## PROBLEM TO SOLVE
The answer should match the entries that follow exactly, except that no image appears in it.

(Short web captions)
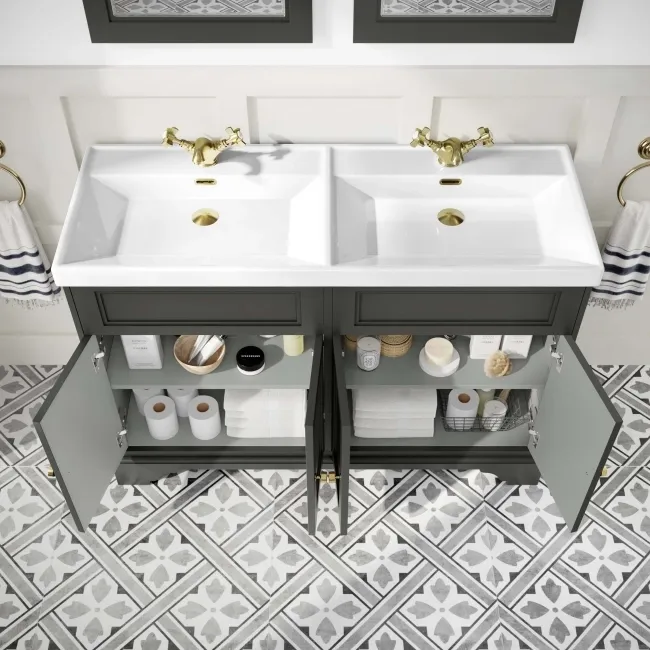 Lucia Graphite Grey Double Basin Vanity 1200mm - Brushed Brass Accents
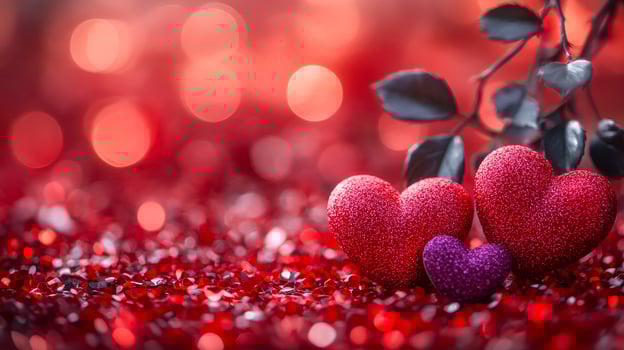 A red background with three hearts on it. The background is blurry and has a lot of sparkles photo
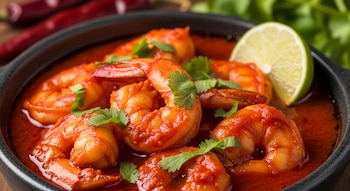 Varios camarones rojos cocidos con salsa anaranjada en un tazón oscuro, decorados con hojas de cilantro y una rodaja de limón; dos chiles al fondo.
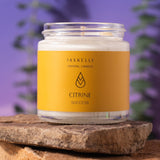 JaxKelly - 4oz Clear Crystal Candles - Citrine - Success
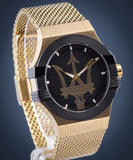 Maserati Potenza Quartz Black Dial Gold Mesh Bracelet Watch For Men - R8853108006 Buy Now By Maserati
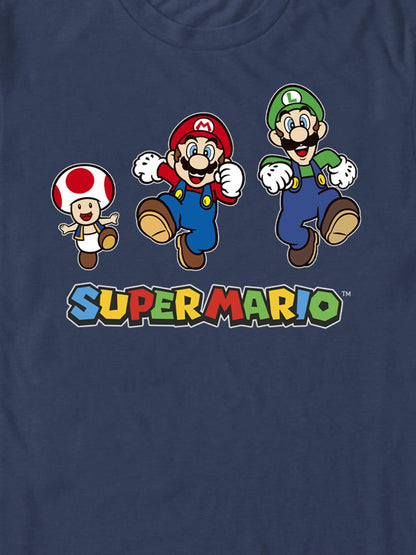 Super Mario Mens Graphic Crew Neck T-Shirt Run Group Navy Size S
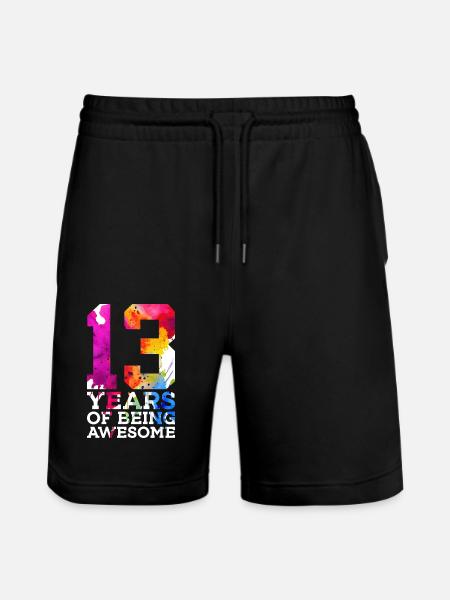 13 YEARS OF BEING AWESOME 13. GEBURTSTAG - Stanley/Stella Unisex Bio Joggingshorts Trainer - Schwarz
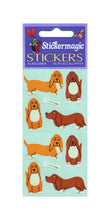 Load image into Gallery viewer, Wholesale - Pack of 12 Paper Stickers - Basset Hounds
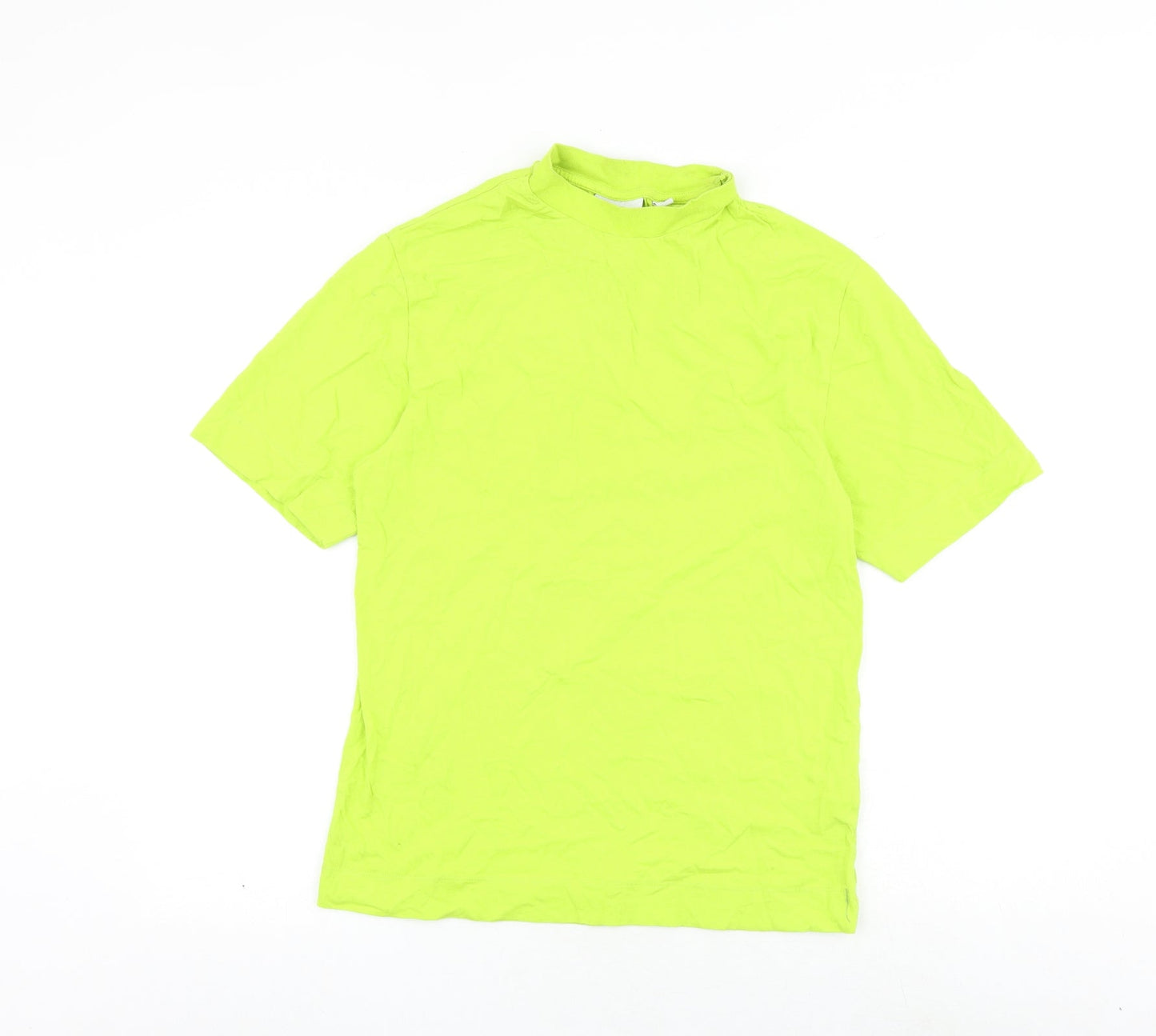COLLUSION Womens Green 100% Cotton Basic T-Shirt Size 2XS Mock Neck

## WRITTEN RESPONSE
 Lucia Graphite Grey Double Basin Vanity 1200mm - Brushed Brass Accents
 A red background with three hearts on it. The background is blurry and has a lot of sparkles photo
 Varios camarones rojos cocidos con salsa anaranjada en un tazón oscuro, decorados con hojas de cilantro y una rodaja de limón; dos chiles al fondo.
 JaxKelly - 4oz Clear Crystal Candles - Citrine - Success
 Maserati Potenza Quartz Black Dial Gold Mesh Bracelet Watch For Men - R8853108006 Buy Now By Maserati
 Super Mario Mens Graphic Crew Neck T-Shirt Run Group Navy Size S
 13 YEARS OF BEING AWESOME 13. GEBURTSTAG - Stanley/Stella Unisex Bio Joggingshorts Trainer - Schwarz
 Load image into Gallery viewer, Wholesale - Pack of 12 Paper Stickers - Basset Hounds
COLLUSION Womens Green 100% Cotton Basic T-Shirt Size 2XS Mock Neck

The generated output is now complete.